Expressing Gain in Decibels?
- It's just a convention. Decibels always refer to power, and power is proportional to voltage squared and current squared. The math works like this:
$$\begin{align} A_{v,dB} &= 10\cdot\log \frac{V_o^2}{V_i^2} \\ &= 10\cdot\log \left(\frac{V_o}{V_i}\right)^2 \\ &= 10\cdot 2 \cdot\log \frac{V_o}{V_i} \end{align} $$
EDIT: Power is proportional to voltage/current squared for all linear circuits. In AC circuit analysis, voltage, current, and power all become phasors. In nonlinear circuits, power may not be proportional to voltage/current squared, but the convention is still used for decibels. It even holds in an abstract field like signal processing, where the "power" of a signal is defined to be the average of the amplitude squared.

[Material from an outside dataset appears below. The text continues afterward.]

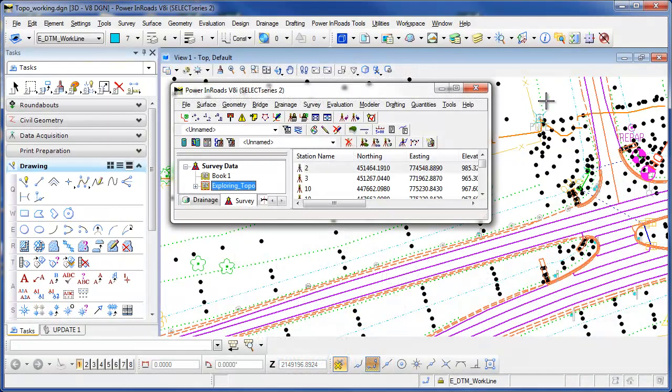Welcome to this video tip brought to you by EnvisionCAD. In this tip we'll be taking a look at InROADS survey and some of the common questions I get during training and support on the survey options for InROADS survey.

- Decibels are used to give the magnitude of the gain. If you want to talk about power loss, you use negative decibels, which represents a fractional gain. For example:
$$A_p = 0.01$$ $$A_{p,dB} = 10\cdot\log 0.01 = -20\:\mathrm{dB}$$
You can also have an actual negative gain, like what you get from an inverting amplifier. The negative there is described as a phase shift. To fully describe an amplifier, you usually need both the magnitude and the phase of the gain. (This might be a bit advanced for you, but you could try looking up Bode Plots to see how this is used in real life.) Anyway, here's how to describe an inverting amplifier with a voltage gain of -2.4:
$$A_v = -2.4$$ $$|A_v| = 20\cdot\log 2.4 \approx 7.6\:\mathrm{dB}$$ $$\angle A_v = 180^\circ$$
Decibels is always about power. The expressions for voltage and current use a factor of 20 instead of 10 because power ratios are proportional to the square of the voltage or current ratio.
Power gain can be negative, but then it's generally called "loss". The logarithm of any number less than unity is negative.
Decibel is a measure of power ratio.
It is 10x (for power ratios) because the unit is bel (deci is one of the 'approved' prefix for 1/10).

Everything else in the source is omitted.